One of the five types of advancement you can do in Need for Speed is based on how much you add to your cars (in terms of parts) and how well you use tools like nitrous on the street. Leveling up in that area gives you access to more parts to add to your rides. This much customization is a good thing, since you can only have five vehicles at a time.
Customization for how your cars look reminded me a lot of Forza, though I would have liked more paint options in terms of fade and multitone. Decal options and the tools to distort and modify them were both numerous and easy to use.
Arcade-style handling
Car game lovers fall into two camps: realistic drivers and arcade drivers. For the Arcade folk, Need for Speed is definitely for you. At first, I thought the handling was just horrifically awful, like some other recent arcade titles (The Crew, for example). But the addition of performance parts really did make a huge difference in how my cars hugged the road.

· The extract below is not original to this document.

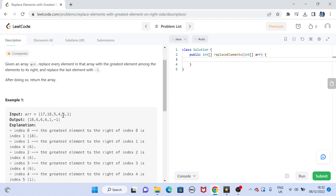In this example, 1 is replaced by -1, but 6 is replaced by 1 because 1 is the only element to its right side. 4 is replaced by 6 because between 6 and 1, 6 is the greater element — so on the right side of 4 the greatest element is 6, and that's why it's changed to 6.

After that, just driving around became a lot of fun, figuring out how to whoosh by innocent vehicles inches away, do 180-degree turns with the handbrake to elude the cops down a wrong-way exit ramp, drift and donut like a madwoman, and make the windy turns up in the hills of Ventura Bay. It reminded me of some of the older Project Gotham Racing games, something like PGR4, which I’ve often thought had some of the best arcade-style driving on the virtual road. (Yes, PGR4. Don’t judge me.)
In short: If you like arcade driving and don’t like the way your car handles in Need for Speed, swap cars or swap parts until you get what you like.
What you won’t like
OK, seriously: that A.I.
Most of your contests in Need for Speed will be against other NPC driving opponents or NPC police officers. You can’t play the police this time around; they’re always there to dog your tail. Unfortunately, the A.I. controlling both sets of opponents felt far from fair. I saw cars spin out, literally get forced down a wrong side street, or lag far behind me — only to be right on my butt a moment later, passing me the second I failed at perfectly braking a turn.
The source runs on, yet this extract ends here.